Speech emotion recognition with PyTorch
Source-code for the research paper ‘Deep learning for robust dimensional characterisation of affect in speech’.
* "This paper seeks to evaluate machine learning methodology
in the task of speech emotion recognition (SER) by utilising a
signal processing approach. This is done with aim of assessing
user behaviour during the use of online voice communication."

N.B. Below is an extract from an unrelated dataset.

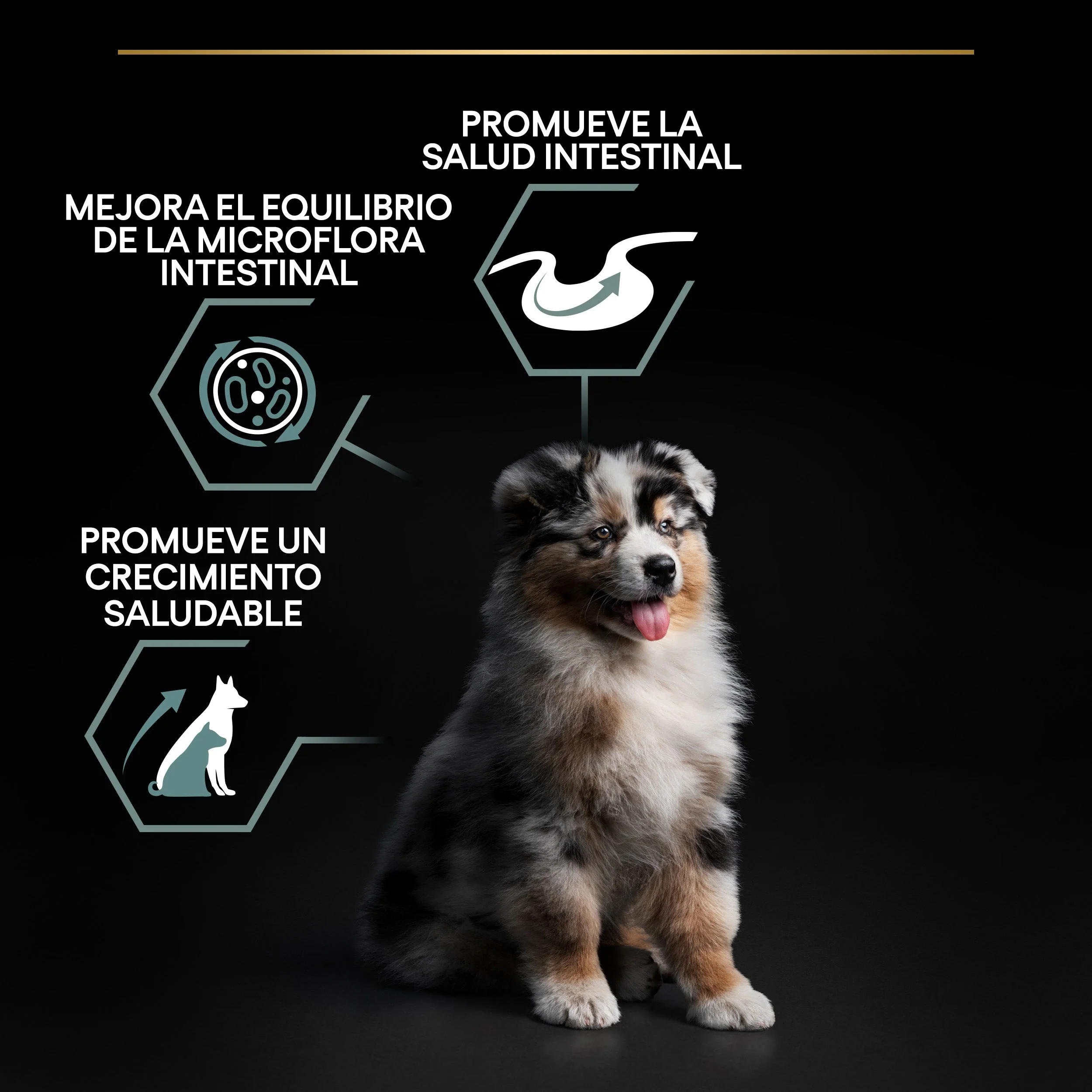 Pro Plan Dog Medium Puppy Digest Cordero Pienso para Cachorros - Image 7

* "We use dimensional models of emotion, put forward by empirical
research to gain nuanced information about sampled emotion data,
disseminating greater insight into user voice communication activity."
* "This paper focuses on the extraction and use of Mel-frequency
cepstral coefficients (MFCC) as feature vectors for feed
forward neural network architectures."
* "Experiments conducted show evidence that the methodology
proposed in this paper is partially effective on unseen,
dissimilar in structure real-world data, which has proven
to be a hurdle to deployment of solutions in the area of
automatic speech recognition (ASR) and SER. These findings
provide a framework to enable more precise, automated user handling."
'speech_emotion_recognition.ipynb' - main notebook
- PyTorch (MLP) model
'augment_data.ipynb' - data augmentation batch scripts
- white noise
- simulated chatter, background noise
- overdrive
- reverb
+ RAVDESS
+ CREMA-D
+ TESS
+ To simply generate results and plots,
skip to and run cells in 'Testing' section of 'speech_emotion_recognition.ipynb',
this will load the provided 'best model' state.